> **EXERCISE**:
Retype each record shown below, leaving every character as it is.

> **RECORDS FOR THIS TASK**:
◇ ◇ ◇

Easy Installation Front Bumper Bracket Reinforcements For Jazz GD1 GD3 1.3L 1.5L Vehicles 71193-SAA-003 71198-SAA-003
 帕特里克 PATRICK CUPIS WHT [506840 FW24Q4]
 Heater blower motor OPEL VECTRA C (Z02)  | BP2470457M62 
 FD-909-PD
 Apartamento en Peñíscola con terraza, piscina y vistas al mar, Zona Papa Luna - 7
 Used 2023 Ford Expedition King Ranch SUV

◇ ◇ ◇

> **EXERCISE RESPONSE**:
Easy Installation Front Bumper Bracket Reinforcements For Jazz GD1 GD3 1.3L 1.5L Vehicles 71193-SAA-003 71198-SAA-003
 帕特里克 PATRICK CUPIS WHT [506840 FW24Q4]
 Heater blower motor OPEL VECTRA C (Z02)  | BP2470457M62 
 FD-909-PD
 Apartamento en Peñíscola con terraza, piscina y vistas al mar, Zona Papa Luna - 7
 Used 2023 Ford Expedition King Ranch SUV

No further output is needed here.